The floral, fruity, and tea-like aftertaste extracted by water washing and refinement are its attractions for a long time. Eth wet processing was introduced in 1970 and was the stronghold of the first washing tank. The washing process can be understood as fermentation shelling and direct drying. Although the production process and equipment require a lot of investment, because it can produce the traditional wine and lemon blossom flavor, the determination of investors remains unimpeded.

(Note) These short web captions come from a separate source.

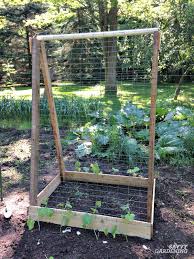 I hung the fencing so it would start all the way at the ground since the cucumber plants are not that big yet, and also produce fruit much closer to the plants roots then the squash do. Cucumber Trellis Ideas Tips Inspiration For Vegetable Gardens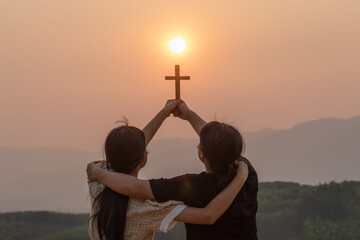 Silhouette two girl together hug with holding christian cross for worshipping God on the mountain...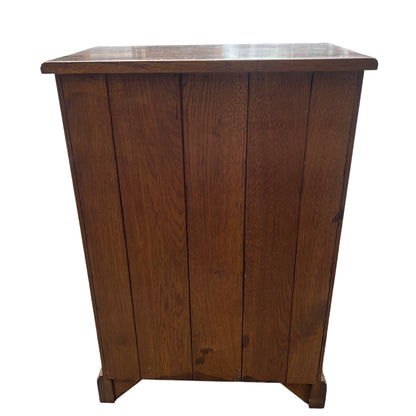 Close up of oak drawer with brass handles on wine rack cabinet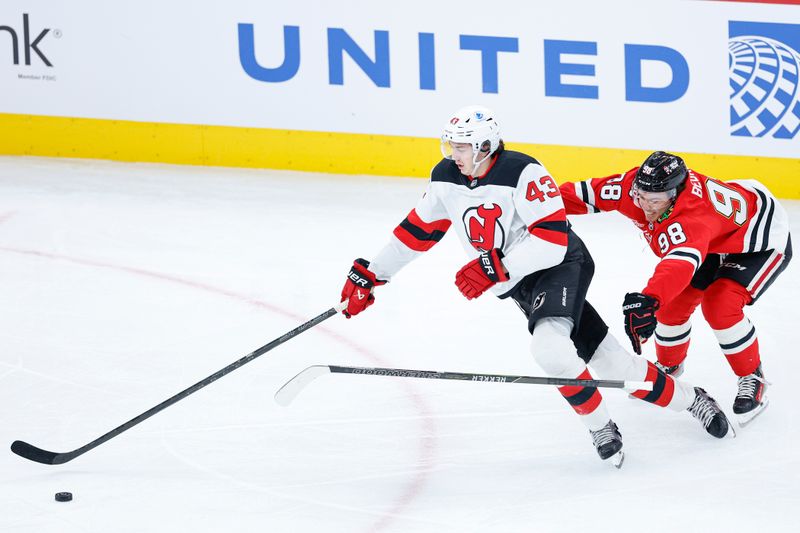 Nov 12, 2025; Chicago, Illinois, USA; New Jersey Devils defenseman Luke Hughes (43) defends against Chicago Blackhawks center Connor Bedard (98) during the first period at United Center. Mandatory Credit: Kamil Krzaczynski-Imagn Images Nov 12, 2025; Chicago, Illinois, USA; New Jersey Devils defenseman Luke Hughes (43) defends against Chicago Blackhawks center Connor Bedard (98) during the first period at United Center. Mandatory Credit: Kamil Krzaczynski-Imagn Images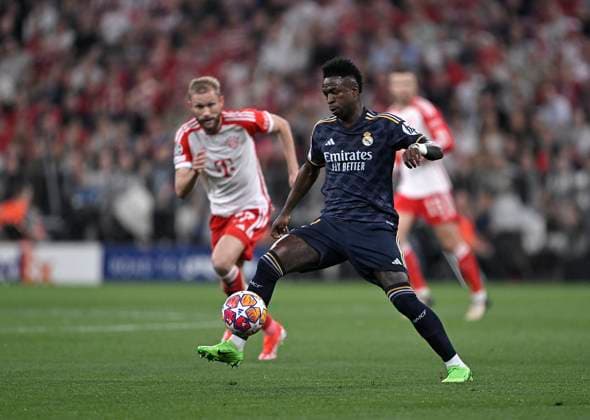 30 04 2024, Football UEFA Championsleague 2023 2024 Semifinal, FC Bayern Munich Real Madrid, at Allianz Arena Munich L R Konrad Laimer Bayern Munich vs Vinicius Junior Real Madrid DFL and DFB regulations prohibit any use of photographs as image sequences and or quasi video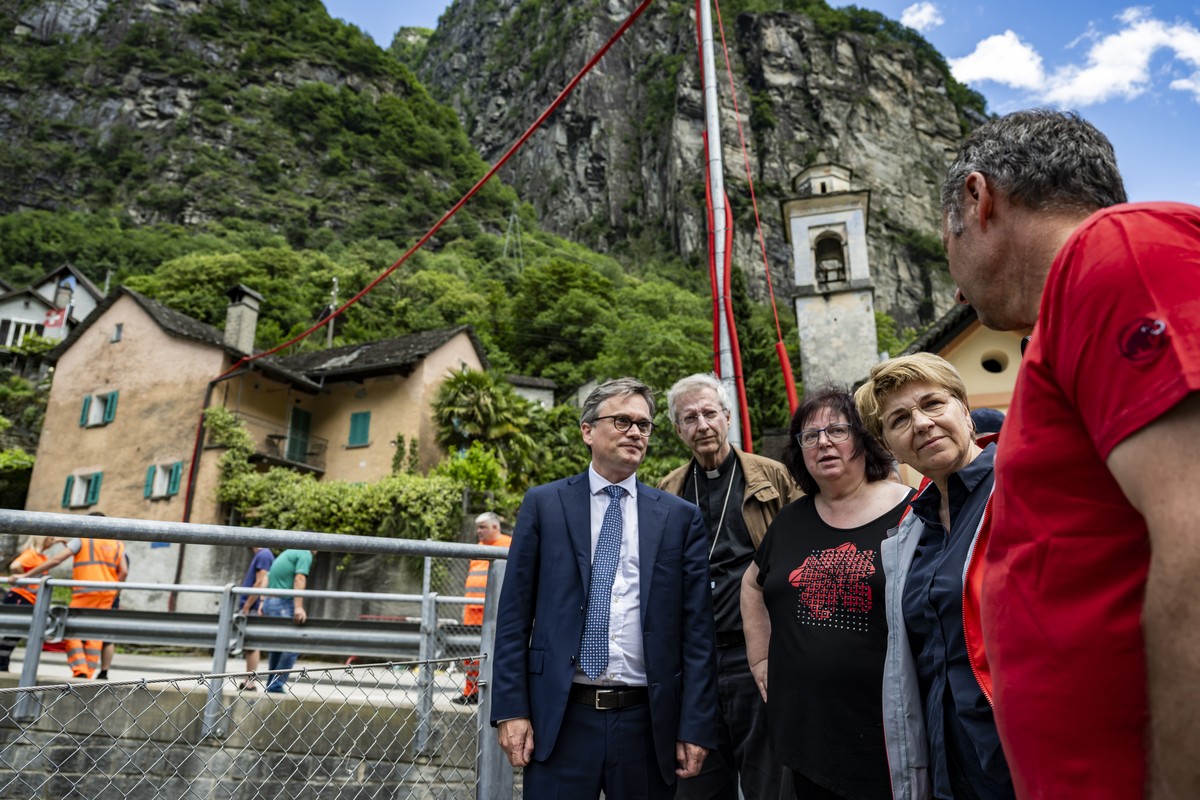 Swiss Federal President Viola Amherd, 2nd right, visits regions hit by bad weather, with President of the Government of Ticino Christian Vitta, Bishop Alain de Raemy, Mayor of Cevio Wanda Dado and May ...
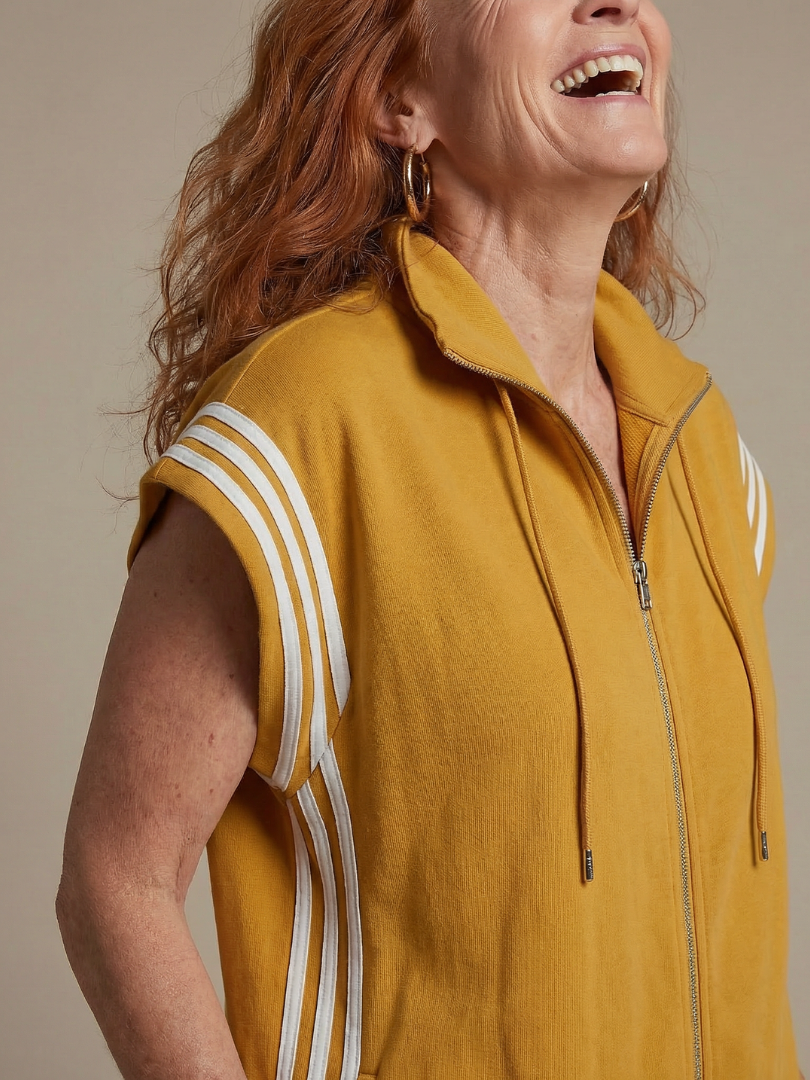 Women’s sleeveless zip-front jumpsuit close-up in yellow with white striped sleeves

Due to the full investment, the design of the sink has been continuously improved and unified. under the professional technology, the stable quality Yega Xuefei has gradually entered the international market in the name of specialty coffee and is favored by many coffee lovers.
Bean seed: Ethiopian native species Ethiopian Heirloom
Producing area: Lim Kosar Limu Kossa; Euromi Asia Oromia
Farm: Limu Kossa Agro Industry PLC
Farmer: Gidebeche Gidey Berhe Retta
Altitude: 1840-2130 m
Treatment: washing Washed
Flavor: citrus, Bailan melon, caramel
Qianjie recommended cooking:
Filter cup: Hario V60
Water temperature: 90 degrees
Degree of grinding: small Fuji 3.5
Cooking methods: the ratio of water to powder is 1:15, 15g powder, the first injection of 25g water, 25 s steaming, the second injection to 120g water cut off, waiting for the powder bed water to half and then water injection, slow water injection until 225g water, extraction time about 2:00
Analysis: using three-stage brewing to clarify the flavor of the front, middle and back of the coffee. Because V60 has many ribs and the drainage speed is fast, it can prolong the extraction time when the water is cut off.
Flavors: nutty, toast, apricot, caramel, sugarcane, maple syrup, Body, cocoa, chocolate finish.